From mboxrd@z Thu Jan  1 00:00:00 1970
From: Alphe Salas <asalas@kepler.cl>
Subject: Re: Forever growing data in ceph using RBD image
Date: Thu, 17 Jul 2014 14:13:58 -0400
Message-ID: <53C81266.6080306@kepler.cl>
References: <53C7D97D.3010607@kepler.cl> <alpine.DEB.2.00.1407170931270.3932@cobra.newdream.net>
Mime-Version: 1.0
Content-Type: text/plain; charset=ISO-8859-1; format=flowed
Content-Transfer-Encoding: 7bit
Return-path: <ceph-devel-owner@vger.kernel.org>
Received: from mail-qg0-f44.google.com ([209.85.192.44]:48154 "EHLO
	mail-qg0-f44.google.com" rhost-flags-OK-OK-OK-OK) by vger.kernel.org
	with ESMTP id S1751513AbaGQSOC (ORCPT
	<rfc822;ceph-devel@vger.kernel.org>); Thu, 17 Jul 2014 14:14:02 -0400
Received: by mail-qg0-f44.google.com with SMTP id e89so2342447qgf.31
        for <ceph-devel@vger.kernel.org>; Thu, 17 Jul 2014 11:14:01 -0700 (PDT)
In-Reply-To: <alpine.DEB.2.00.1407170931270.3932@cobra.newdream.net>
Sender: ceph-devel-owner@vger.kernel.org
List-ID: <ceph-devel.vger.kernel.org>
To: Sage Weil <sweil@redhat.com>
Cc: ceph-devel <ceph-devel@vger.kernel.org>


Alphe Salas
I.T ingeneer

On 07/17/2014 12:35 PM, Sage Weil wrote:
> On Thu, 17 Jul 2014, Alphe Salas wrote:
>> Hello,
>> I would like to know if there is something planned to correct the "forever
>> growing" effet when using rbd image.
>> My experience shows that the replicas of a rbd images are never discarded and
>> never overwriten. Lets say my physical share is about 30 TB I make an image of
>> 13TB (half the real space - 25% of disfunction osd support). My experience
>> shows that the rbd image is overwriten so if I top the 13TB once i get a 26TB
>> of real space used (replicas set to 2) if I delete 8TB from those 13TB I see
>> the real space used unchanged.
>> If I write back 4TB then ceph collapse it is nearfull and I have to go buy
>> another 30TB integrate it to my cluster to hold the problem. But still soon I
>> have in my ceph more useless replicas of "delete" datas than usefull data with
>> they replicas.
>>
>> Usually when I talk to dev team about this problem they tell me that the
>> real problem is the lack of trim in XFS, but my own analysis shows that
>> the real problem is ceph internal way to handle data. It is ceph that
>> never discard any replicas and never "clean" itself to only keep records
>> of the data in use.

>
> You are correct that if XFS (or whatever FS you are using) does not issue
> discard/trim, then deleting data inside the fs on top of RBD won't free
> any space.  Note that you usually have to explicitly enable this via a
> mount option; most (all?) kernels still leave this off by default.
>
> Are you taking RBD snapshots?  If not, then there will never be more than
> the rbd image size * num_replicas space used (ignoring the few % of file
> system overhead for the moment).
>
> If you are taking snapshots, then yes.. you will see more space used until
> the snapshot is deleted because we will keep old copies of objects around.

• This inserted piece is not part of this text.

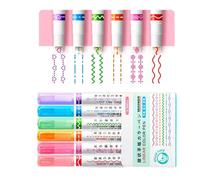 CHAKAE 6 marcadores de curvas multicolor para estudiantes, profesores, herramientas de escritura vibrantes y suaves, bolígrafos esenciales para manualidades
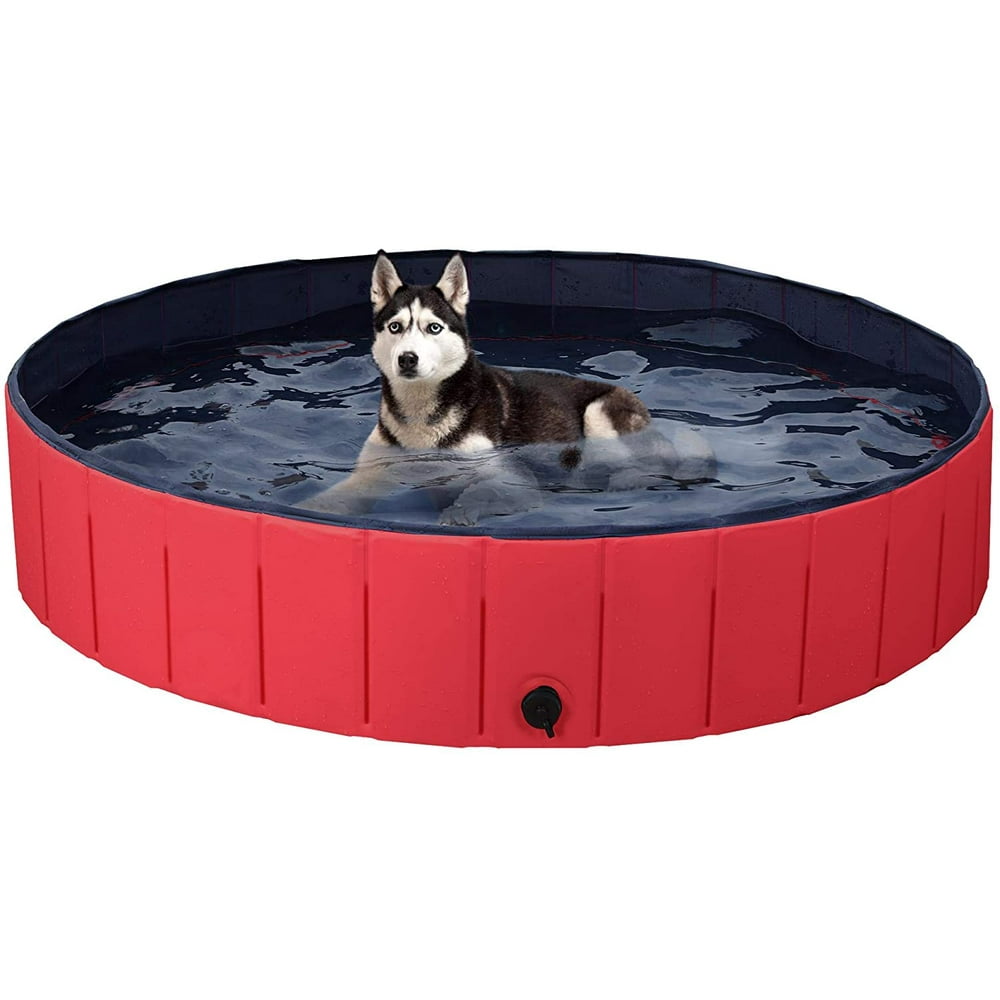 JoyX Red Foldable Hard Plastic Kiddie Baby Dog Pet Bath Swimming Pool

I am not using snapshot. I dont have enought space to write to the disk 
after some round of write / delete /write / delete so I can t affort to 
use fancy features like snapshots. I use regular image rbd type 1  not 
even able to be snapshoot.

I tryed to activate XFS trim system but that shown no change at all. 
(discard mount option just have no real effect try in ubuntu 14.04)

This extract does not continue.